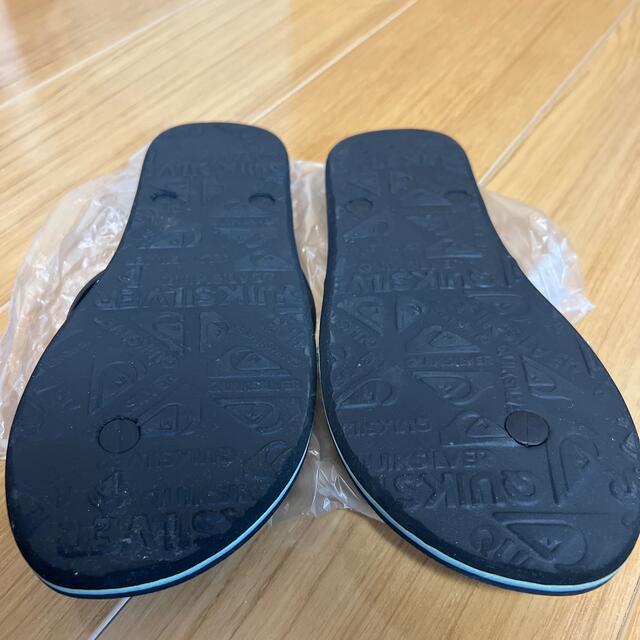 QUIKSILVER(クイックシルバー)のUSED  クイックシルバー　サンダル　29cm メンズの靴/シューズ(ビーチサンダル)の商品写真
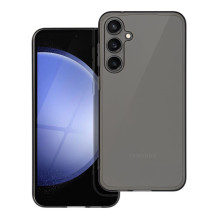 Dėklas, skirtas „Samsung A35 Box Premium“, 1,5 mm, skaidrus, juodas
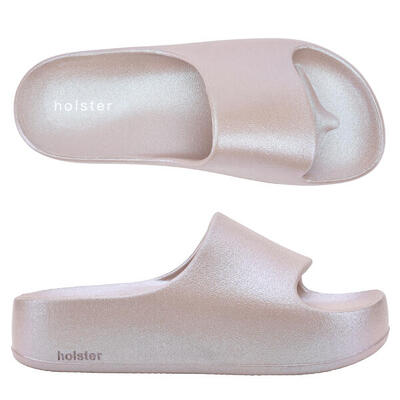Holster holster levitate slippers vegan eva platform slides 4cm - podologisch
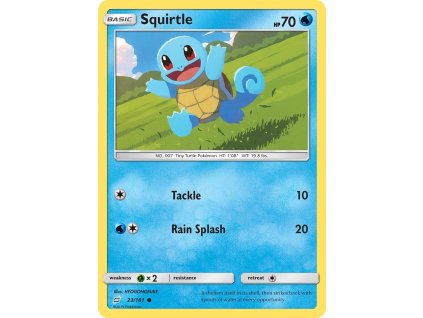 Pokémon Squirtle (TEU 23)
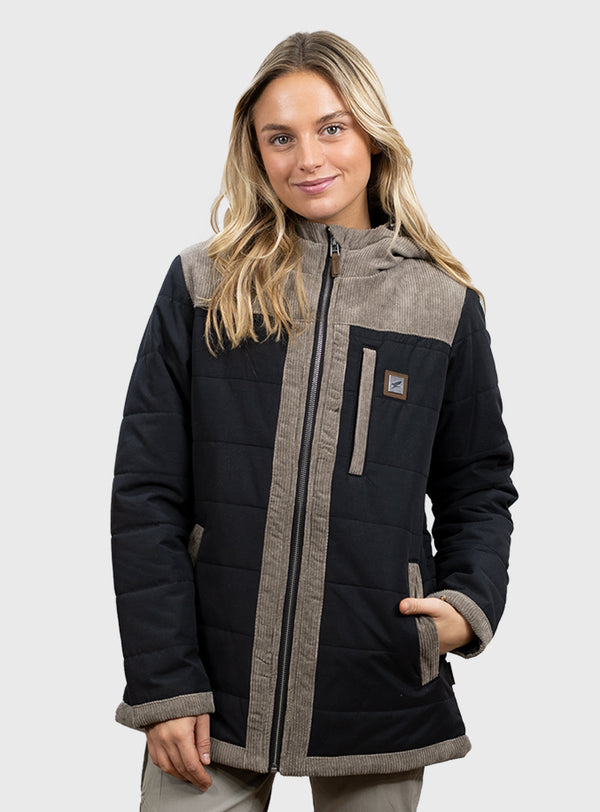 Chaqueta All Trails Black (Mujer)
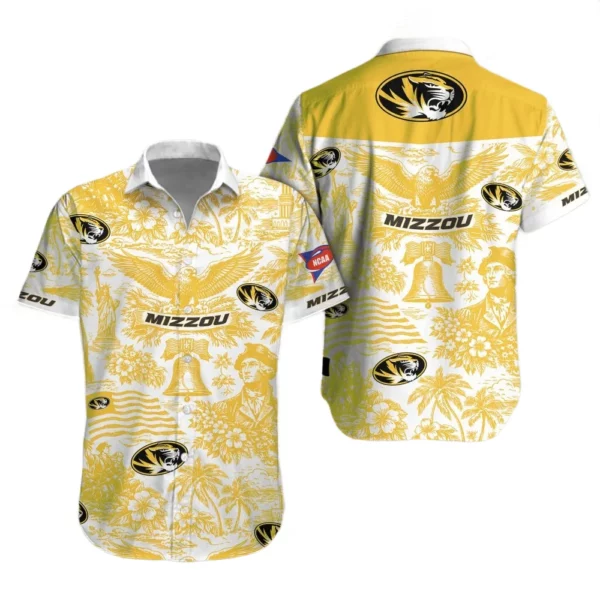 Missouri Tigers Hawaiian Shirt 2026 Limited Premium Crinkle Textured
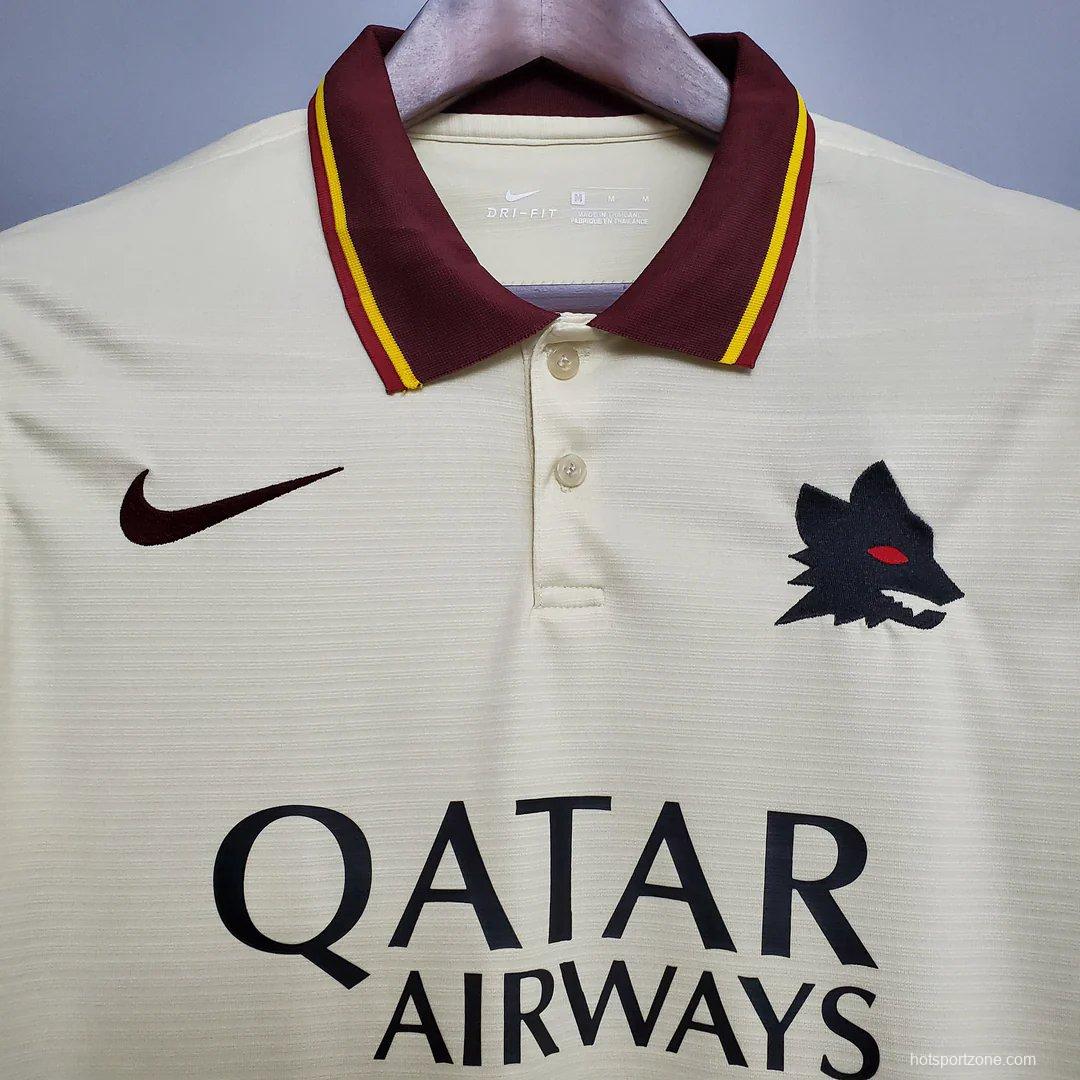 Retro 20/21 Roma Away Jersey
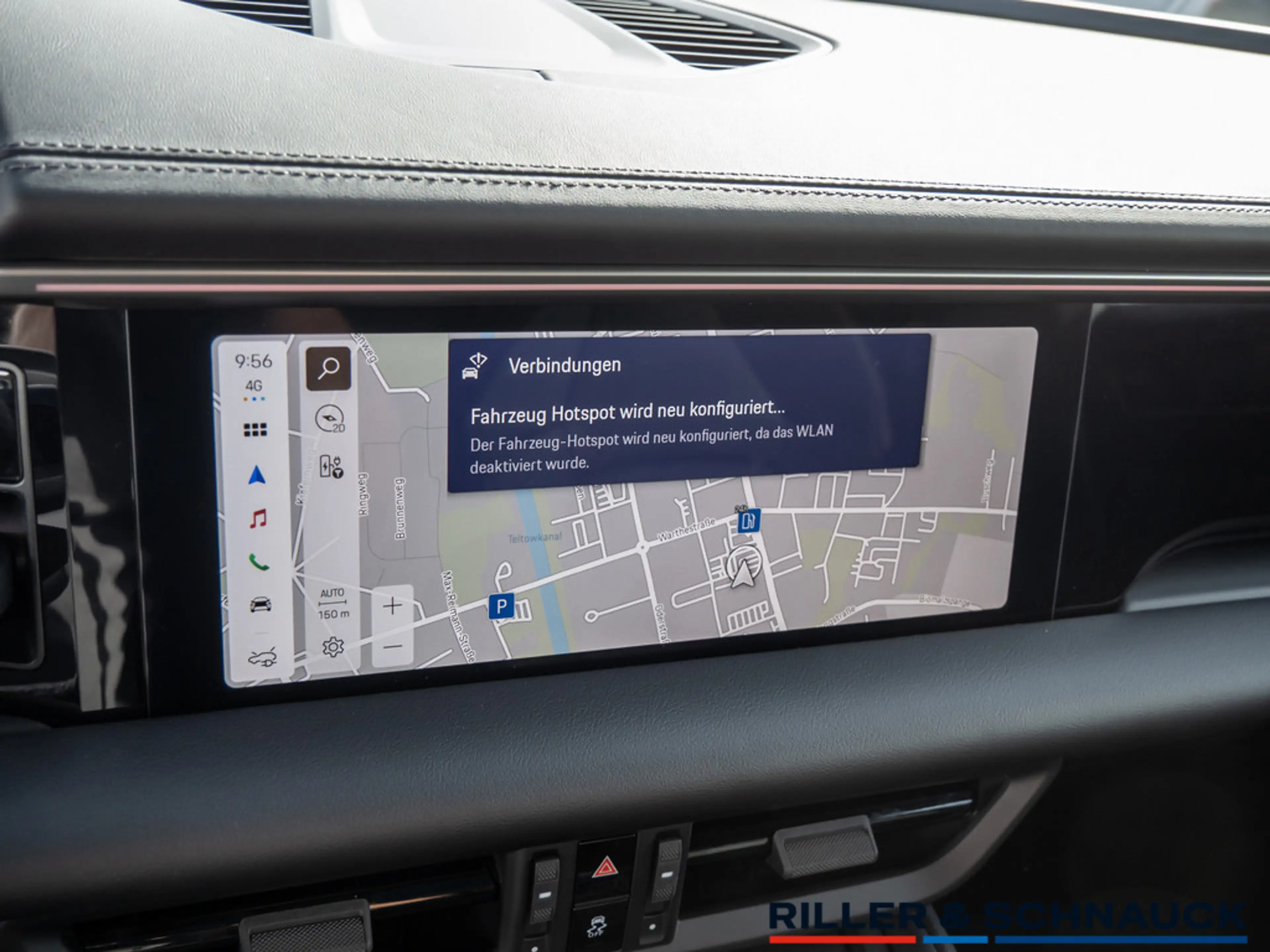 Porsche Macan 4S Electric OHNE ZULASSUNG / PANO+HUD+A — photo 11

· · · · ·

Task requirements: Here the lines from the one with "Retro 20/21 Roma Away Jersey" through the last line of the data above need to be repeated exactly, both included, and any picture omitted.

Problem solution:
 Retro 20/21 Roma Away Jersey
 Porsche Macan 4S Electric OHNE ZULASSUNG / PANO+HUD+A — photo 11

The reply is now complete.